What you will do: Return all entries precisely as they stand, without the images.
Task inputs START
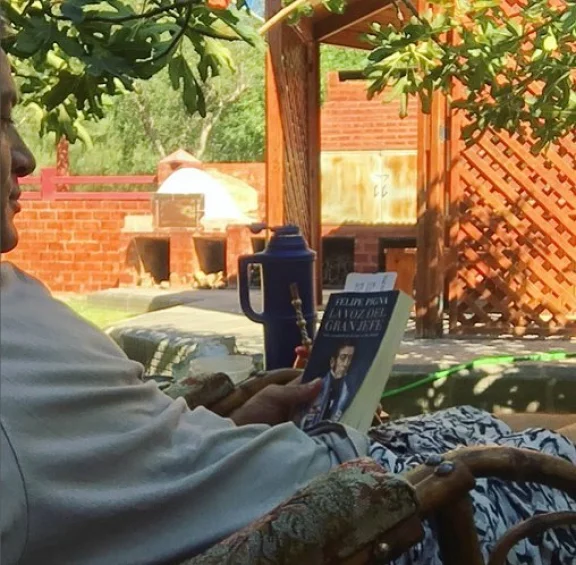 Debajo de la higuera en su casa de Centenario, leyendo la vida de San Mart&iacute;n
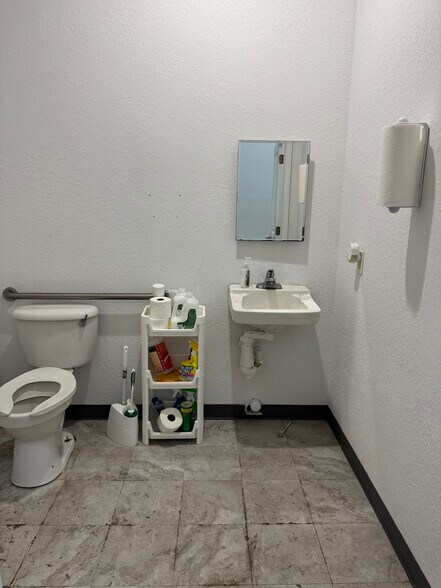 More Photos Of 1250-1290 Hand Ave, Ormond Beach Showroom For Lease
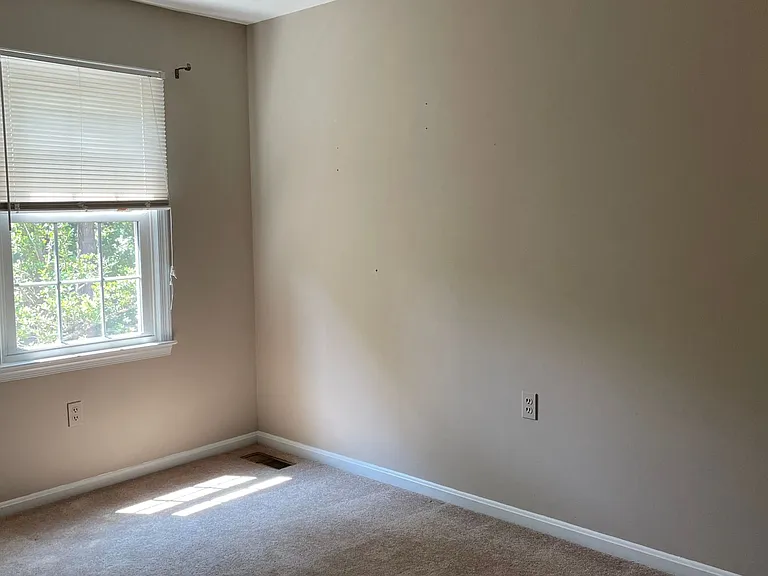 2893 Seminole Rd — Photo 11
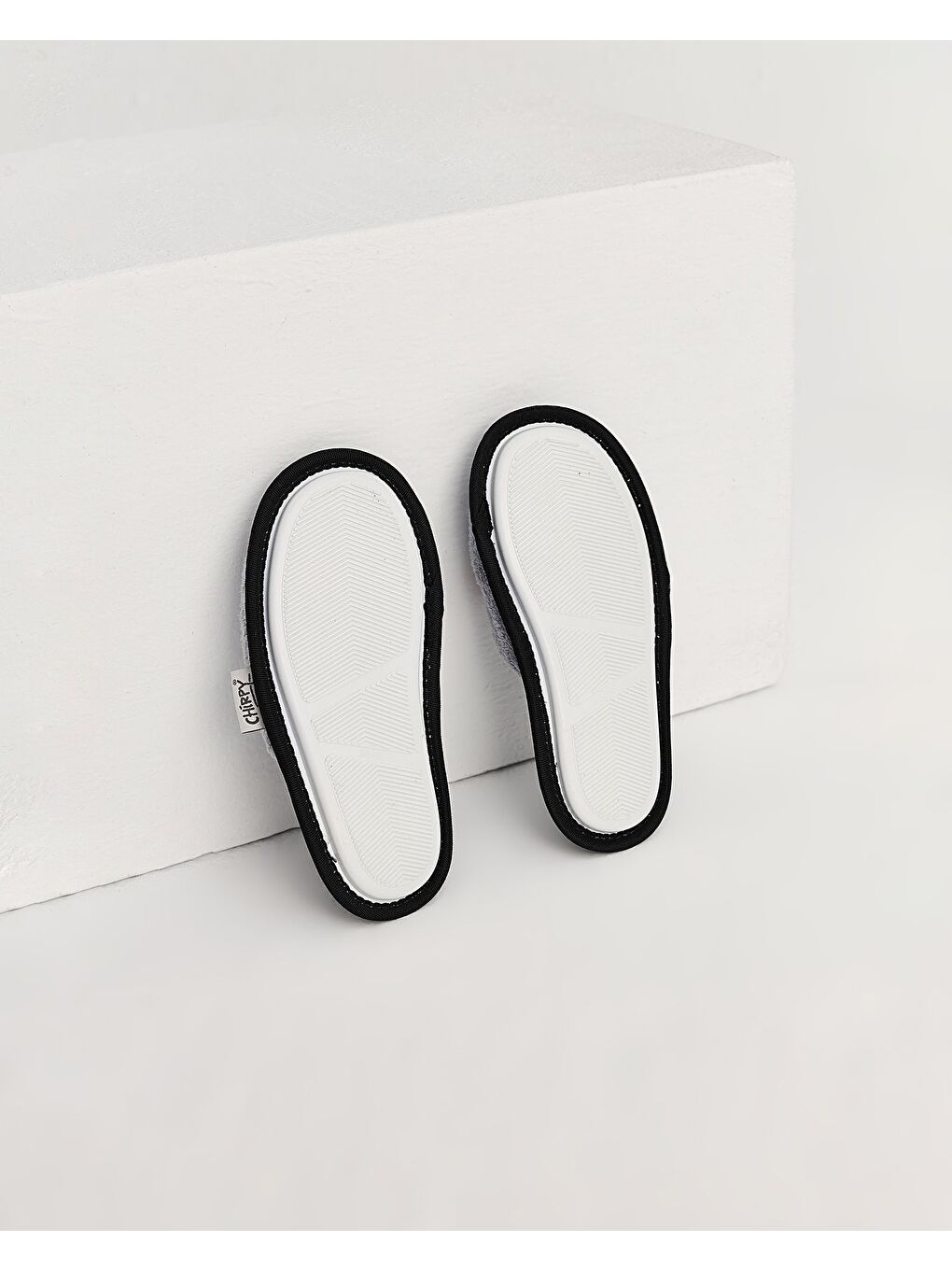 Gri Çocuk Figürlü Terlik - MONSTRA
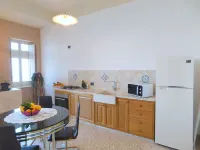 Large apartment for exclusive use on the sea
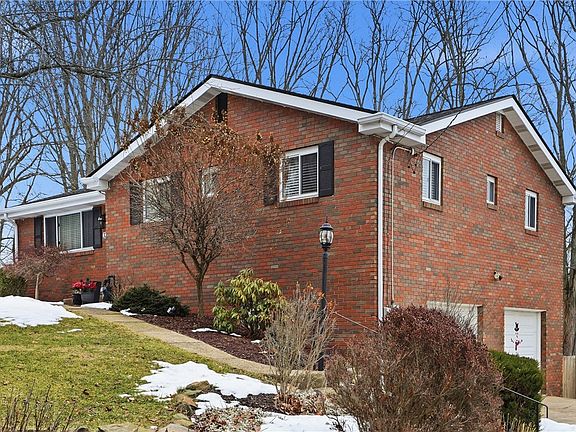 2nd image of 3289 Fawnway Dr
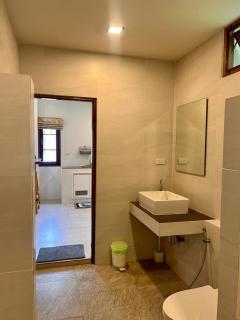 Scandi-Tropical 1BR in the Heart of Phangan - 8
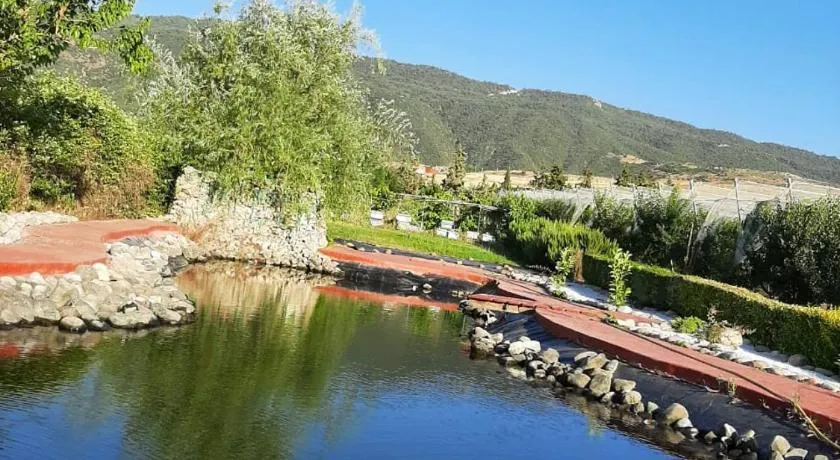Joli Chalet dans une ferme Pour familles exclusivement près ifrane - Image 1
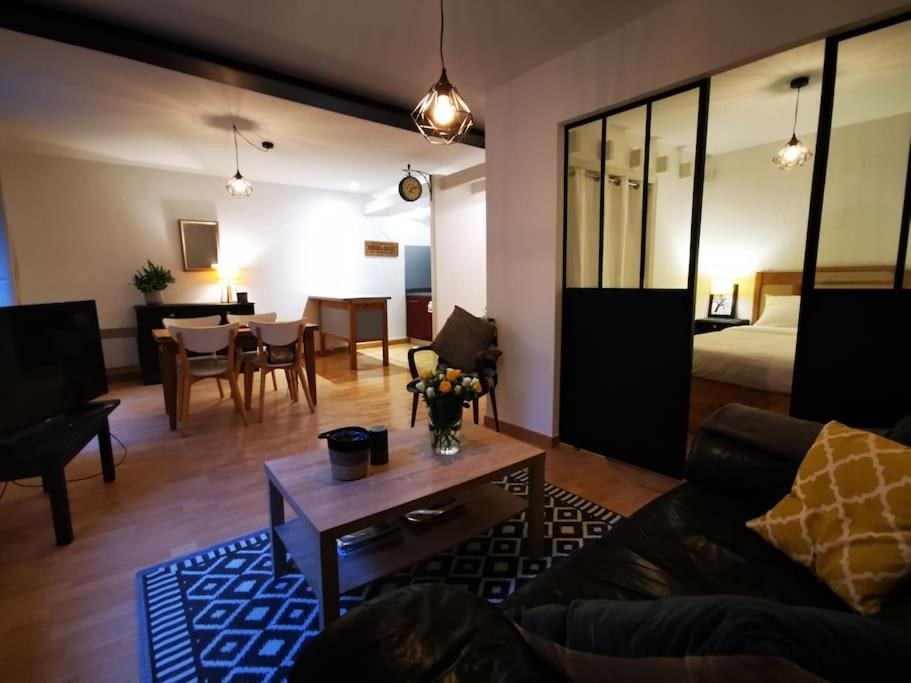 Nid Douillet A Quelques Pas De La Gare. Apartment Carcassonne Bagian luar foto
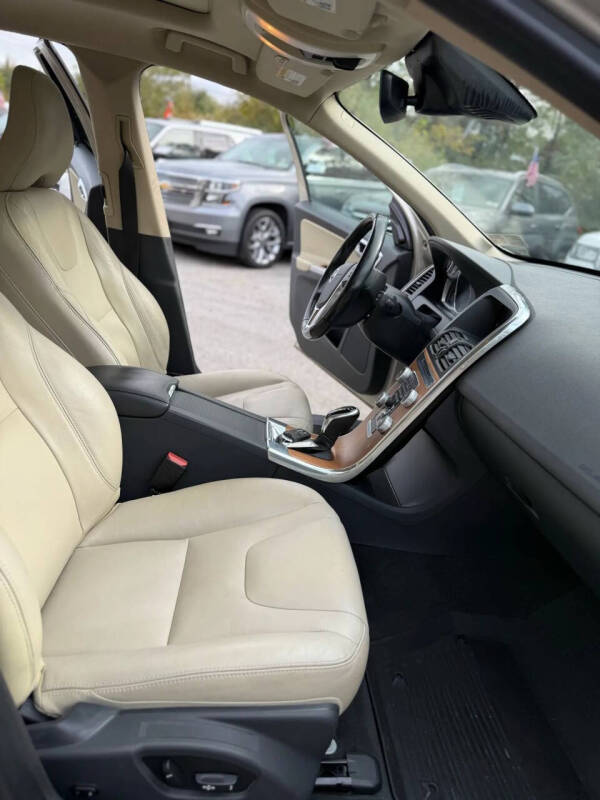 2017 Volvo XC60 T5 Inscription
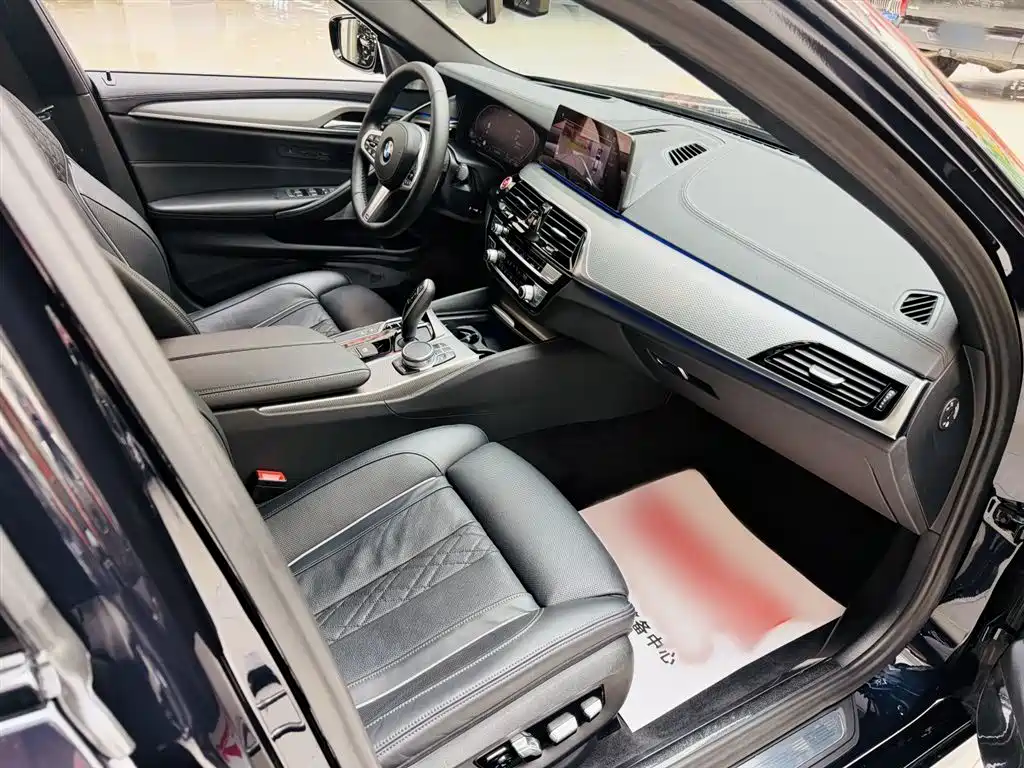 BMW 5 Series 2020 Model 530Li Executive M Sport Package фото 17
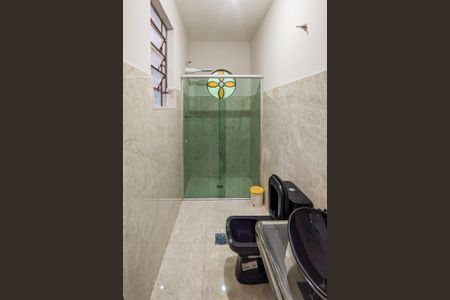 Casa à venda com 520m², 6 quartos e 5 vagasBanheiro 2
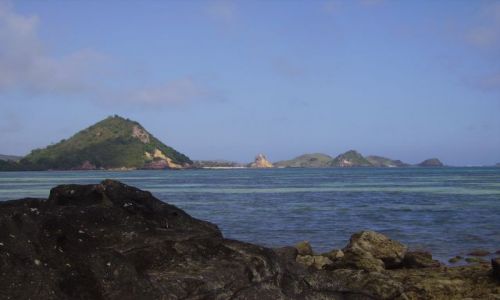 Zdjcie INDONEZJA / Lombok / Kuta Beach / powtarzalno ksztatw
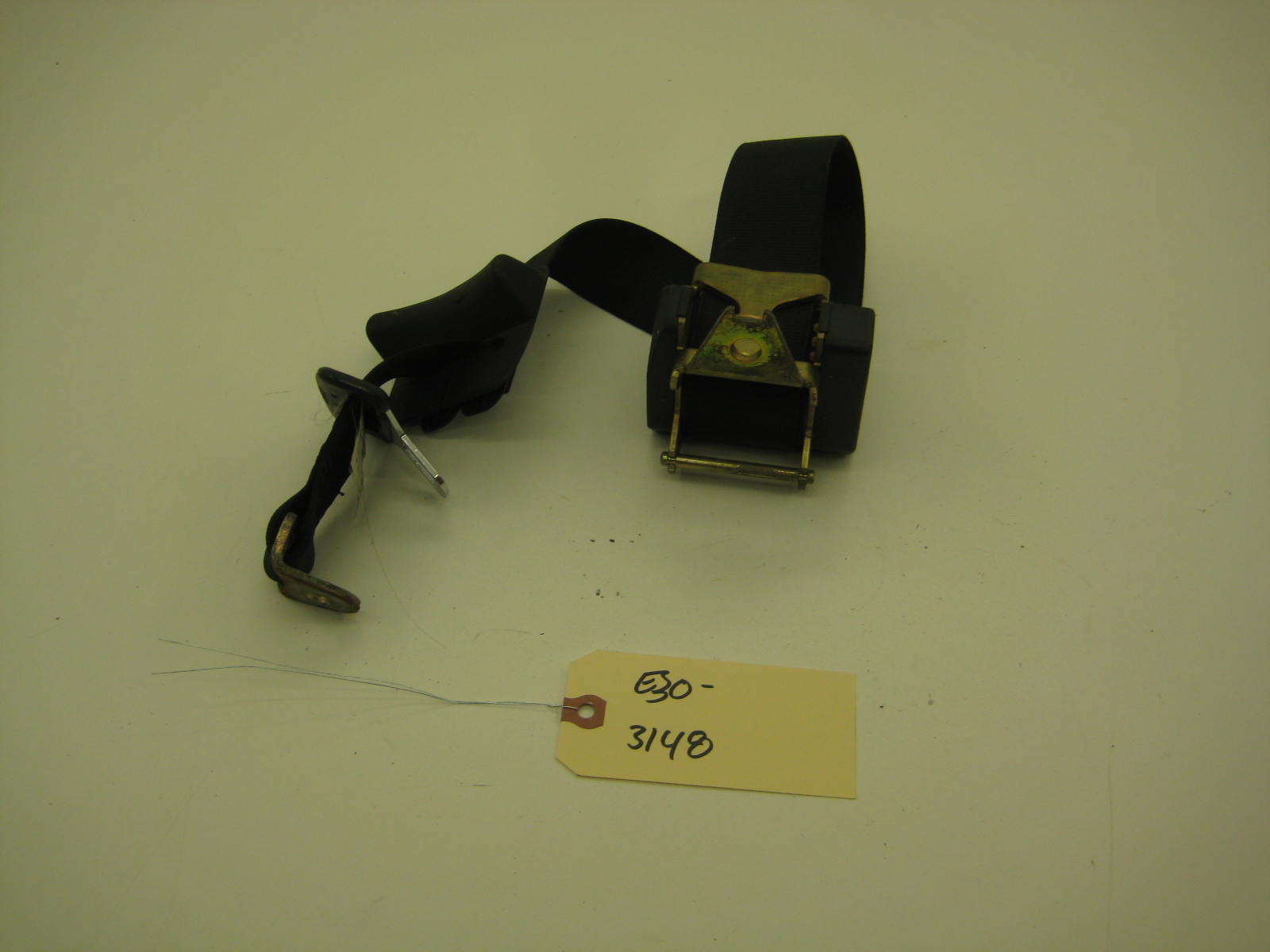 bmw e30 318 325 rear seat belt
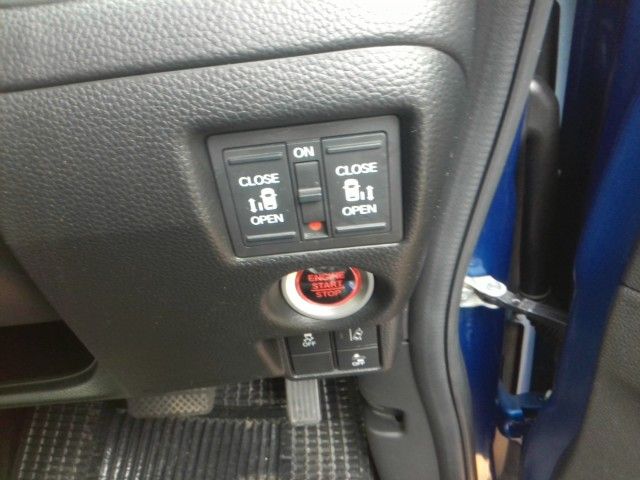 HONDA N BOX CUSTOM 2018 Image 31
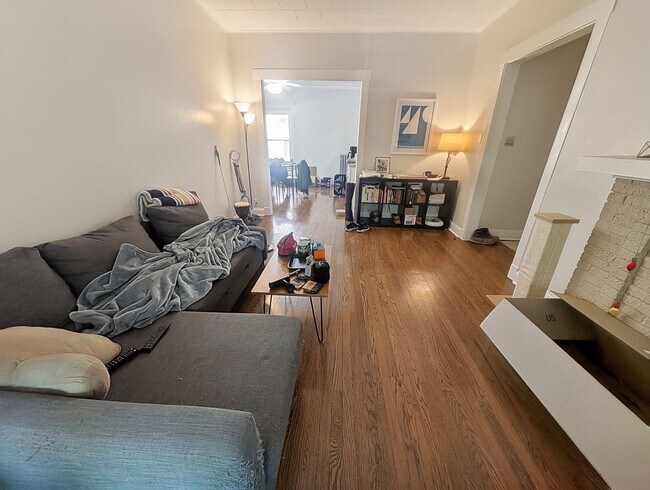 Photo - Large and Bright 1-bed/1-bath in Edgewater - Close to LUC! Unit 1304-1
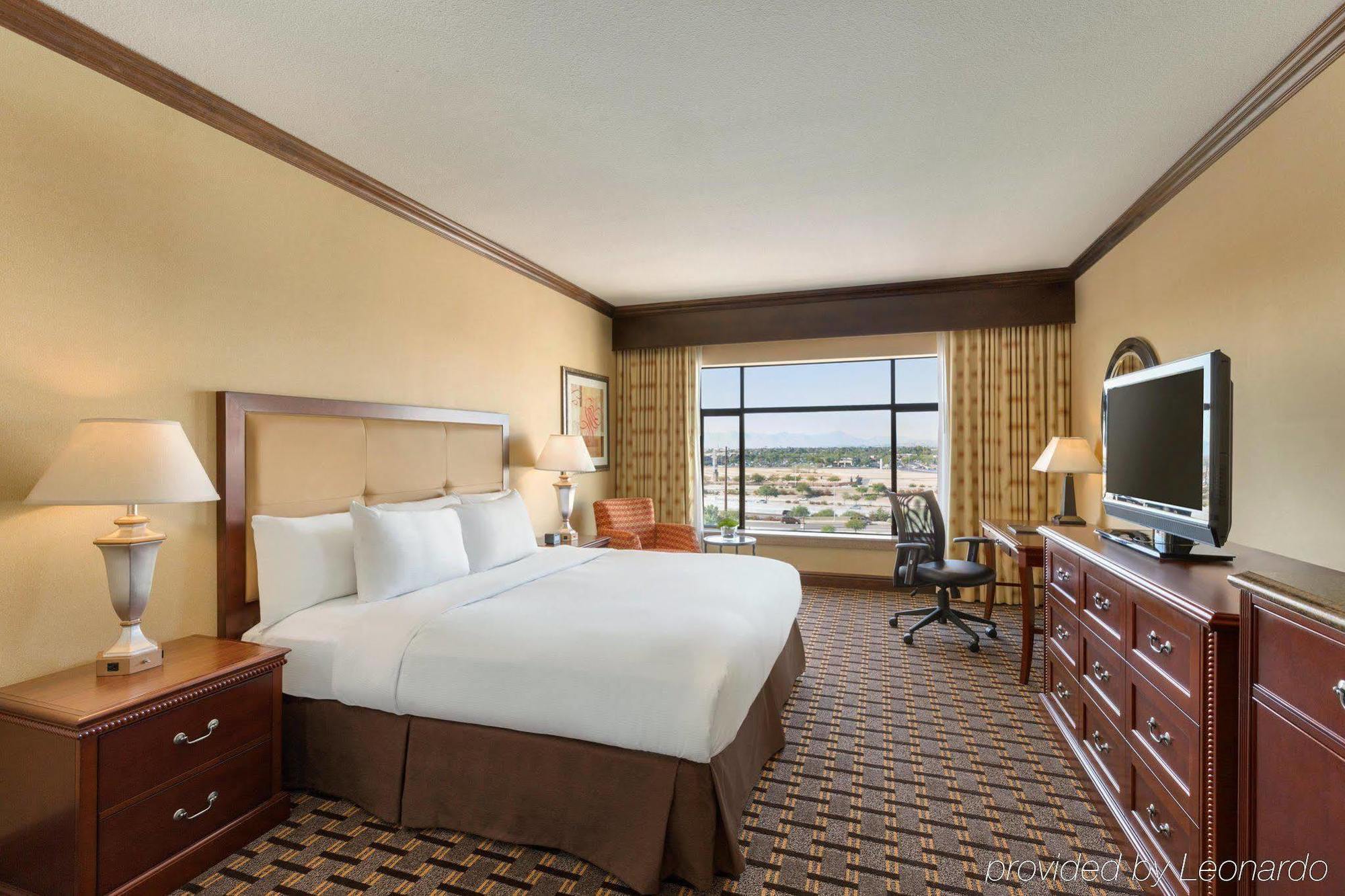 Hilton Phoenix Chandler Exterior photo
Task inputs END
Written response:
 Debajo de la higuera en su casa de Centenario, leyendo la vida de San Mart&iacute;n
 More Photos Of 1250-1290 Hand Ave, Ormond Beach Showroom For Lease
 2893 Seminole Rd — Photo 11
 Gri Çocuk Figürlü Terlik - MONSTRA
 Large apartment for exclusive use on the sea
 2nd image of 3289 Fawnway Dr
 Scandi-Tropical 1BR in the Heart of Phangan - 8
Joli Chalet dans une ferme Pour familles exclusivement près ifrane - Image 1
 Nid Douillet A Quelques Pas De La Gare. Apartment Carcassonne Bagian luar foto
 2017 Volvo XC60 T5 Inscription
 BMW 5 Series 2020 Model 530Li Executive M Sport Package фото 17
 Casa à venda com 520m², 6 quartos e 5 vagasBanheiro 2
 Zdjcie INDONEZJA / Lombok / Kuta Beach / powtarzalno ksztatw
 bmw e30 318 325 rear seat belt
 HONDA N BOX CUSTOM 2018 Image 31
 Photo - Large and Bright 1-bed/1-bath in Edgewater - Close to LUC! Unit 1304-1
 Hilton Phoenix Chandler Exterior photo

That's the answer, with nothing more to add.